What do erupting volcanoes, learning to code, building bridges, creating art, and cooking have in common? They are all STEAM activities! This past year I started working as an external evaluator on Lincoln County School District’s (LCSD) 21st Century After School Program. There are seven sites throughout the county that are funded as 21st Century Community Learning Centers. The goal of the federal program is to “provide academic enrichment opportunities during non-school hours for children…offer students a broad array of enrichment activities that can complement their regular academic programs, and offer literacy and other educational services to the families of participating children.” LCSD’s program aligns with these goals, focusing specifically on providing students and their families STEAM-based activities.

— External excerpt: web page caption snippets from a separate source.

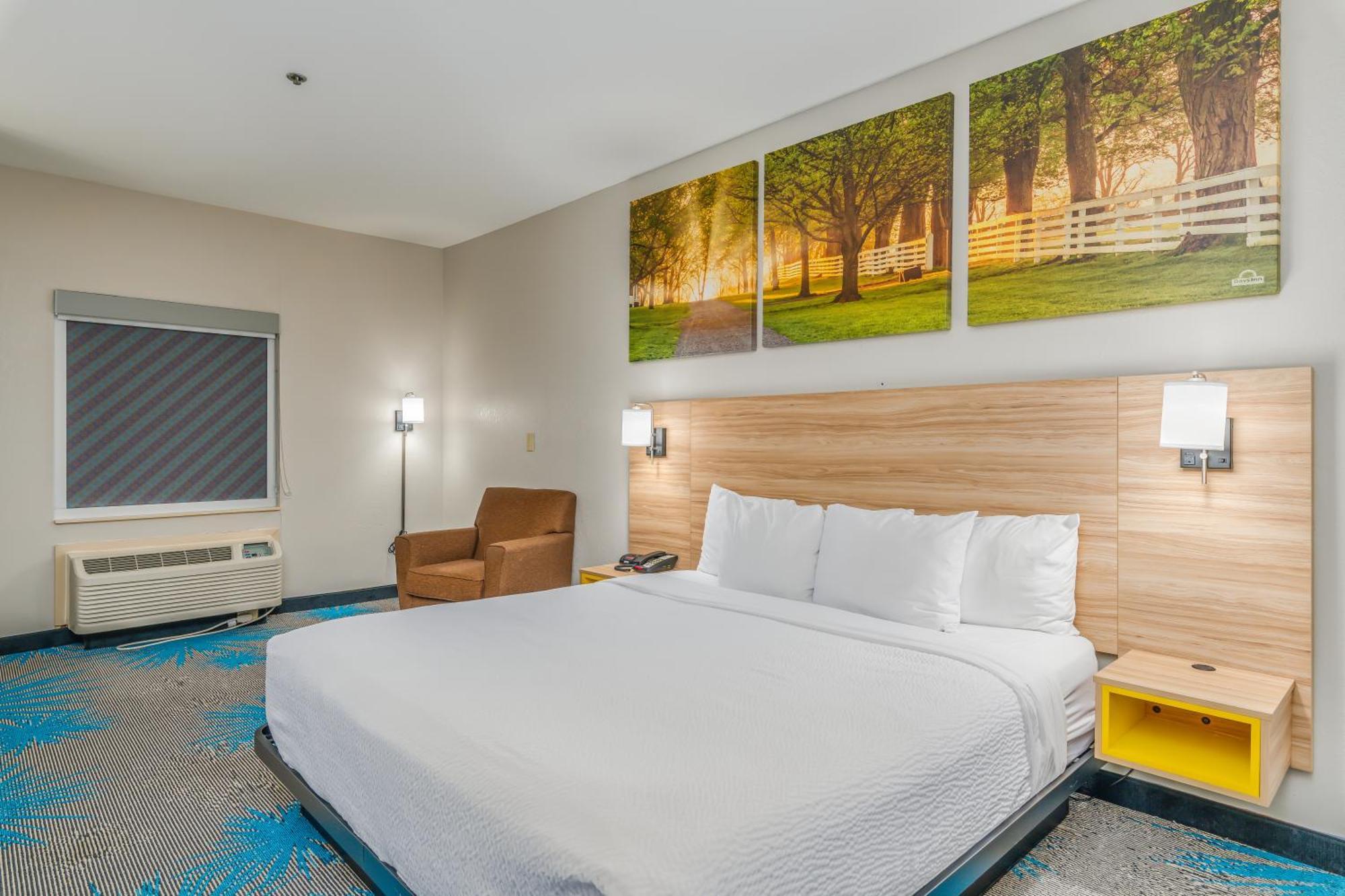 Days Inn & Suites By Wyndham Prattville-Montgomery Bagian luar foto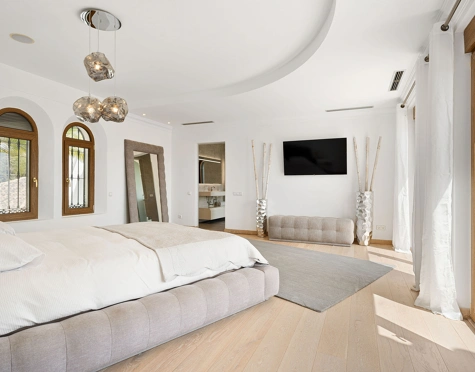 Villa for sale in El Paraiso, Estepona East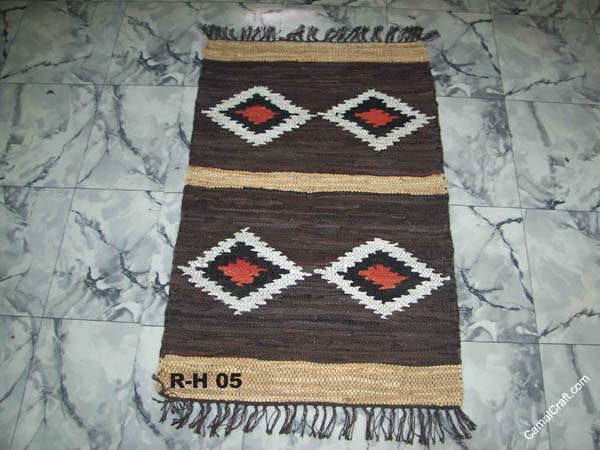 R-H 05 LEATHER RUGS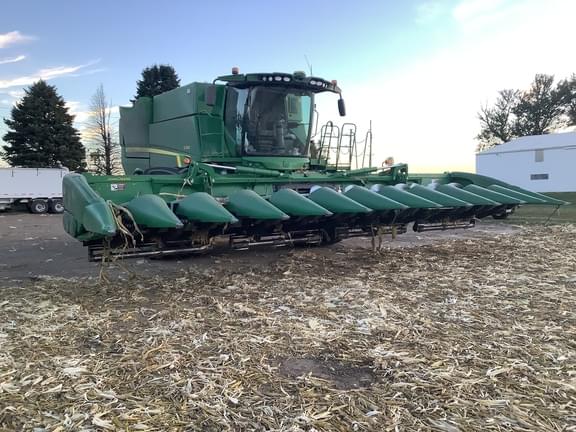 Image of John Deere 712FC Primary image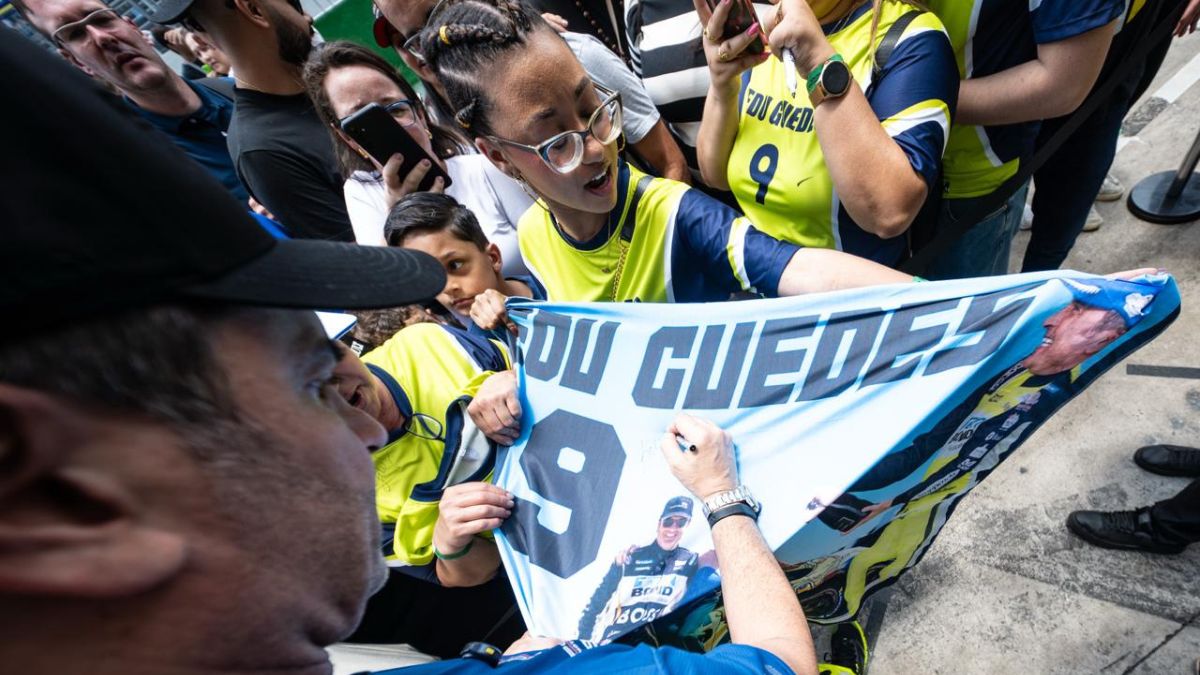 Edu Guedes marcou um retorno triunfal às pistas para disputar a última corrida da Fórmula Porsche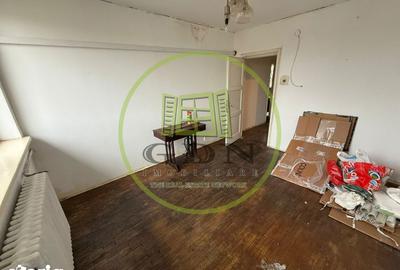 Apartament cu 3 camere semidecomandat în Rovine - 9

Being a new project in the 2013-2014 school year, the 21st Century After School Program kept me on my toes as an external evaluator. All documents for data collection had to be written very quickly so they could be distributed as close to the start of the school year as possible. While the tools for collecting data did not fail they certainly could have been better. As the program moves into the second of it’s five years, I thought it best not only to redesigned some of the tools but also to communicate to the site coordinators why collecting this data is important. Site coordinators, one for each of the seven sites, are responsible for distributing, collecting, and turning in all of the instruments I use to collect data. The only part of data collection they are not responsible for are the standardized test scores, which are handled by the school district. Collecting data is no small task for the site coordinators because they already have a lot on their plate. Therefore, the program coordinator and I agreed that sharing results from the first year would showcase the importance of data collection.

Early in September I presented preliminary findings at the first site coordinator meeting of the second year of the program. You can view and listen to my presentation here.  The presentation ends with me addressing the four main instruments for data collection: a monthly recording sheet to document the STEAM activities and resources, the student STEM interest survey, a family literacy and STEAM night reporting document, and the parent survey.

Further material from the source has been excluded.